Per l’art. 32 della Costituzione la salute è bene primario dell’individuo ma è anche “interesse della collettività”, considerato prevalente al punto che anche trattamenti sanitari non assistiti da consenso sono stati ritenuti legittimi al fine di evitare e contenere le malattie considerate diffusive[3] ed in questa fase emergenziale le scelte normative sono state orientate verso la prevalenza della salute pubblica sulle libertà personali (libera circolazione, art. 16 Cost.; libera riunione, art. 17 Cost.; libertà nell’esercizio del culto religioso, art. 19 Cost.; diritto all’insegnamento ed all’istruzione, artt. 33 e 34 Cost.; libera iniziativa economica, art. 41 Cost.)[4], ma anche sulla salute individuale.

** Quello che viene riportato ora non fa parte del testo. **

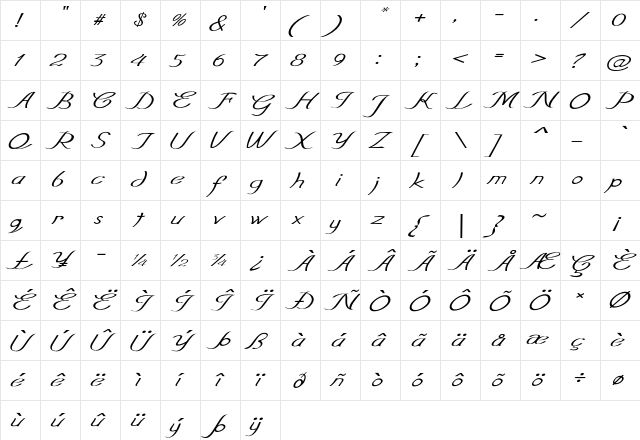 Erelon Expanded Italic Character Map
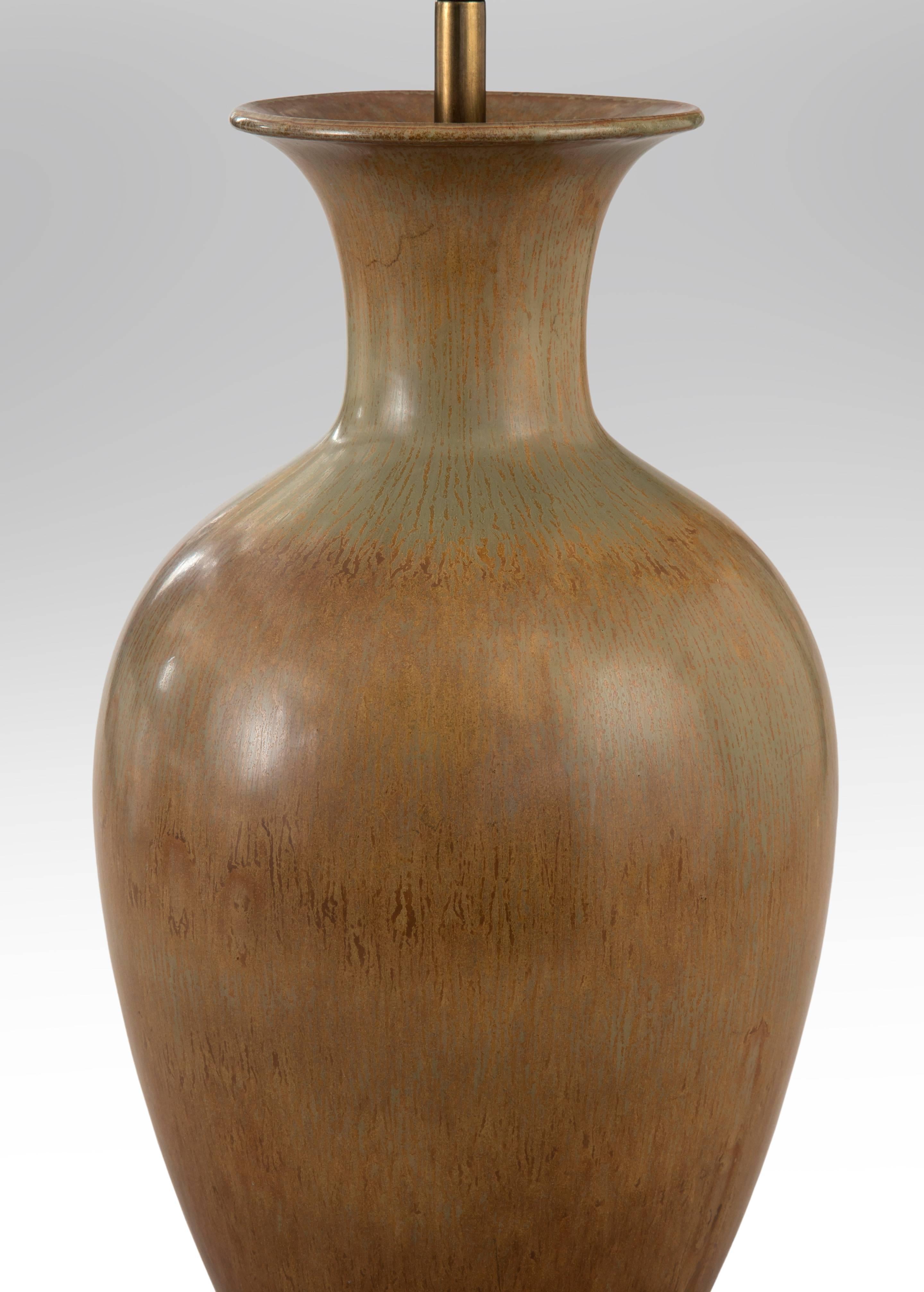 20th Century Gunnar Nylund for Rörstrand, Swedish Soft-Green and Brown Ceramic Vase Lamp For Sale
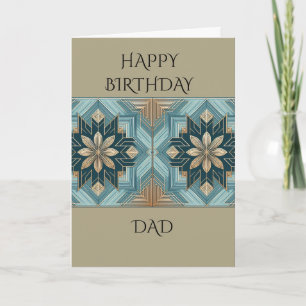 Blaues geometrisches florales Mandala  Karte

In nome della tutela della salute, dunque, sono state adottate misure di contenimento attraverso la previsione di norme di comportamento finalizzate al distanziamento sociale ed all’isolamento delle persone considerate a rischio contagio.
4. Inquadramento sistematico delle misure di distanziamento e di isolamento sociale
Le istituzioni politiche hanno subito un condizionamento da parte della comunità scientifica tale che la salute pubblica ha assunto ruolo di interesse prevalente sulle libertà personali.
L’emergenza sanitaria ha, dunque, modificato il rapporto tra i beni giuridici costituzionali attribuendo centralità ad un interesse pubblico a discapito dei diritti della persona che costituiscono la garanzia per la tenuta del sistema costituzionale e le scelte normative in questa fase hanno riconosciuto nella prevenzione della salute pubblica l’interesse prevalente e prioritario.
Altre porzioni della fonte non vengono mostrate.